Now, if the styling process does not involve any optimization, only a forward pass needs to be done. And optimization is required only once to train the generator network. This article uses a hierarchical generator where each next z size larger than the previous one and is sampled from noise in the case of texture generation, and from some base of images for training the stylist. It is critical to use something other than the training part of the imajnet, since features inside the Loss network are calculated by the network trained just at the training part.

Perceptual Losses for Real-Time Style Transfer and Super-Resolution (27 Mar 2016)

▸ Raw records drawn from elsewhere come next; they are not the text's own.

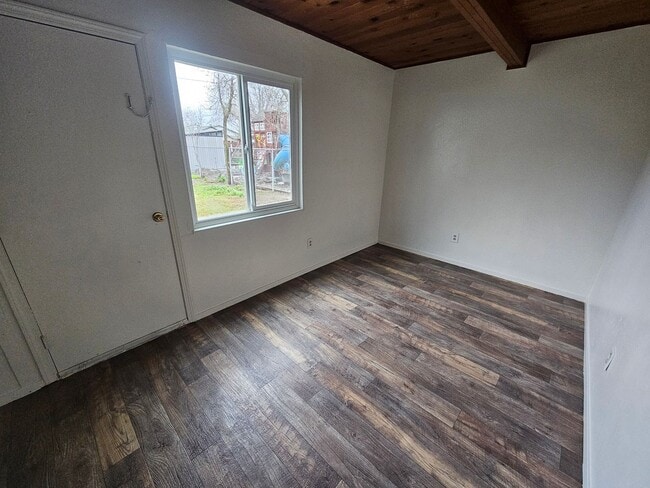 Building Photo - Spacious 4 Bedroom 2 Bath Home WITH BONUS ...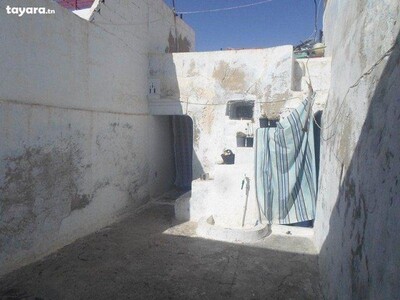 maison arabe à 2 façades en plein centre ville kg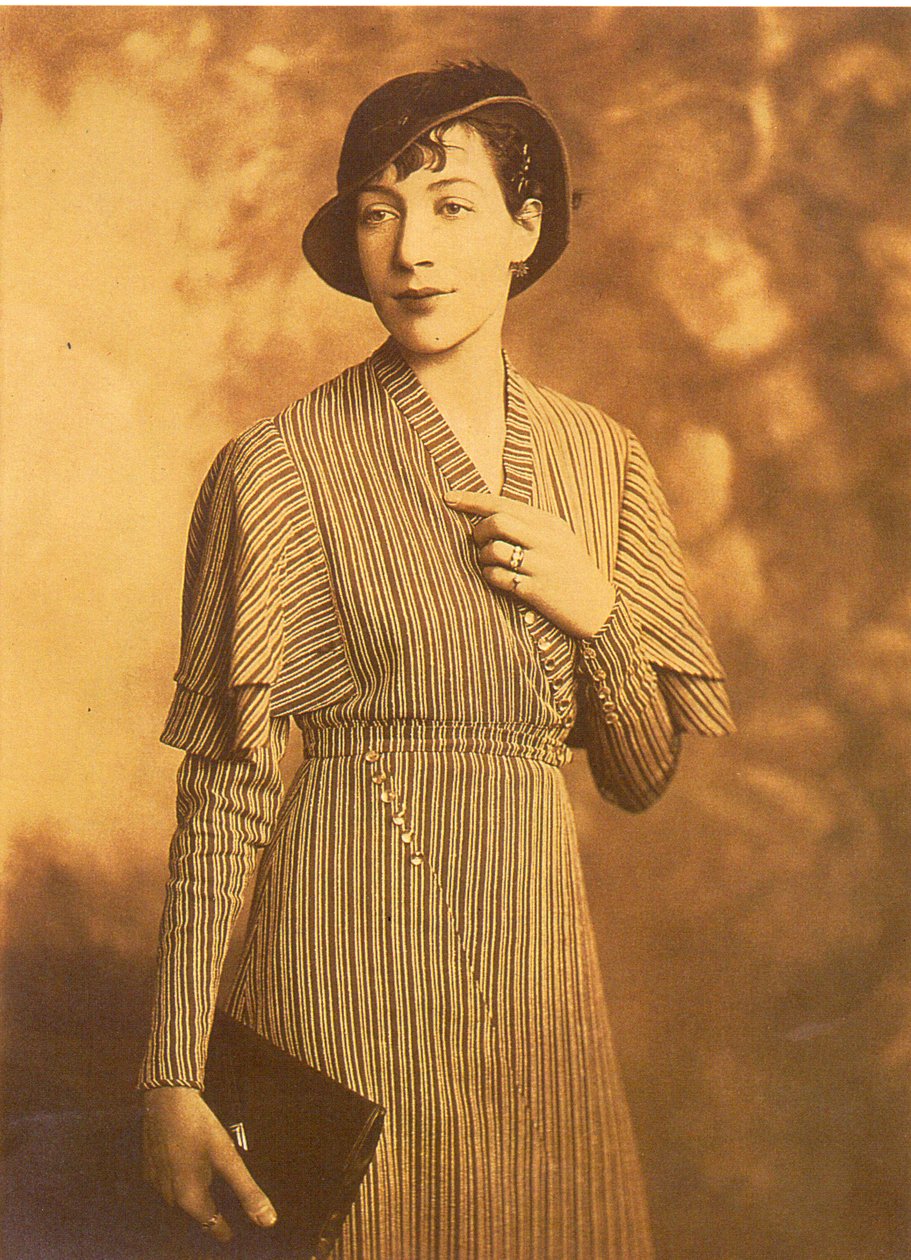 Doris Langley-Levy Moore, ca. 1933 av Lafayette Studio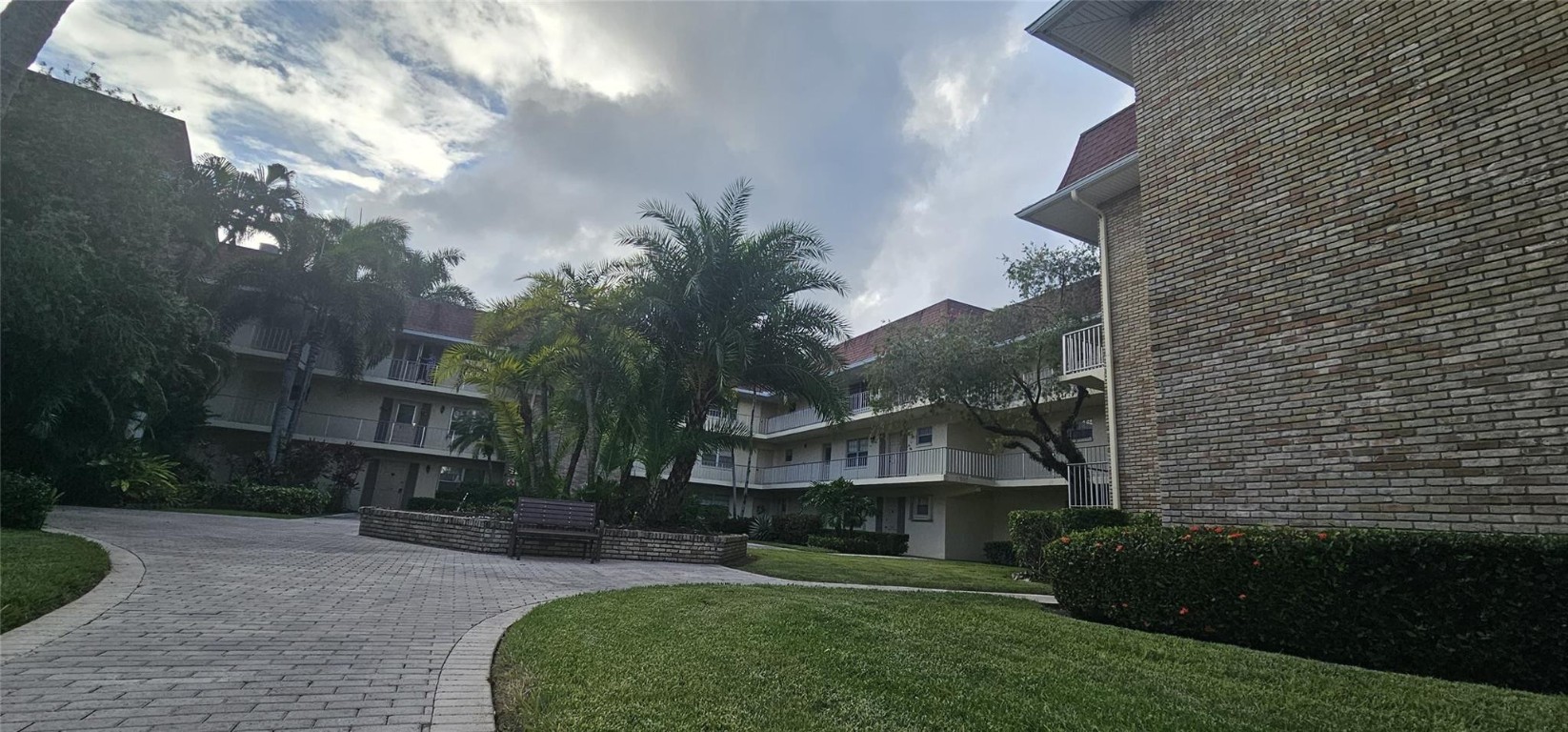 TAMBERLANE 6 CONDO - Residential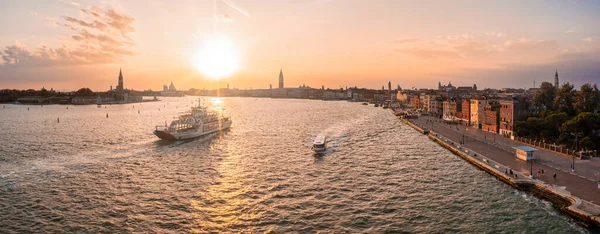 Magisch uitzicht op de avond zonsondergang over het prachtige Venetië in Italië. — Stockfoto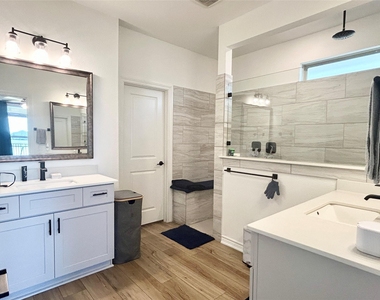 1357 Grass Bend Drive - Photo Thumbnail 9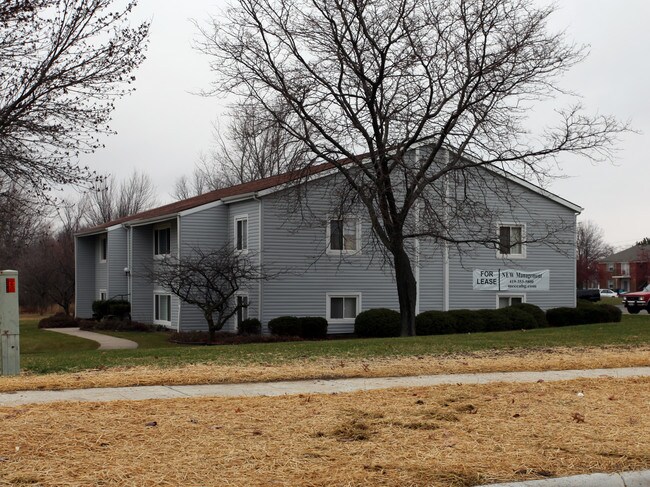 Melrose Manor in Findlay, OH - Building Photo - Building Photo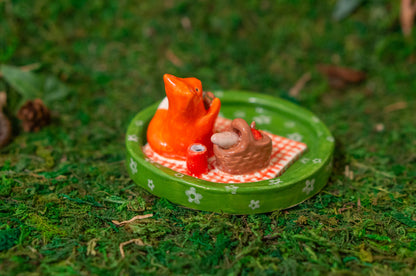 Fox Picnic Dish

As the name implies, the authors, who were just 17 days late with the idea of ​​the generating network, were busy increasing the image resolution. They seem to have been inspired by the success of residual learning on the latest imagnet.

Respectively residual block and conv block.

Thus, now we have in our hands, in addition to control over styling, a fast generator (thanks to these two articles, the generation time for one image is measured in tens of ms).

Ending

We used the information from the reviewed articles and the authors' code as a starting point to create another styling app for the first video styling app:

Generates something like that.

In the most ordinary photographs, numerous and not quite distinguishable entities appear. Most often, for some reason, dogs. The Internet began to fill up with such images in June 2015, when Google's DeepDream was launched - one of the first open services based on neural networks for image processing.

It happens approximately like this: the algorithm analyzes photographs, finds fragments in them that remind him of some familiar objects - and distorts the image in accordance with this data.

At first, the project was posted in the form of open source, and then online services appeared on the Internet, created according to the same principles. One of the most convenient and popular is the Deep Dream Generator: processing a small photo here takes only about 15 seconds (previously, users had to wait more than an hour).

How do neural networks learn to create such images? And why, by the way, are they called that?

By their design, neural networks imitate real neural networks of a living organism, but they do it using mathematical algorithms. Once you've created a basic structure, you can train it using machine learning techniques. If we are talking about pattern recognition, then thousands of images need to be passed through the neural network. If the task of the neural network is different, then the training exercises will be different.

Algorithms for playing chess, for example, analyze chess games. In the same way, Google DeepMind's AlphaGo algorithm into the Chinese game of go - which was seen as a breakthrough, since go is much more complex and non-linear than chess.

You can play around with a simplified neural network model and better understand its principles.

YouTube also has a series of easy-to-read rollers about how neural networks work.

Another popular service is Dreamscope, which can not only dream of dogs, but also imitate various painting styles. Image processing here is also very simple and fast (about 30 seconds).

Apparently, the algorithmic part of the service is a modification of the "Neural style" program, which we have already discussed.

More recently, a program has appeared that realistically colors black and white images. In previous versions, similar programs did their job much less well, and it was considered great achievement if at least 20% of people cannot distinguish a real picture from a computer-colored image.

Moreover, coloring here takes only about 1 minute.

The same developer company also launched a service that recognizes in pictures different types objects.

These services may seem like just fun entertainment, but in reality, everything is much more interesting. New technologies are entering the practice of human artists and are changing our understanding of art. People will likely have to compete with machines in the realm of creativity soon.

Teaching image recognition algorithms is a task that artificial intelligence developers have been struggling with for a long time. Therefore, programs that color old pictures and paint dogs in the sky can be considered part of a larger and more intriguing process.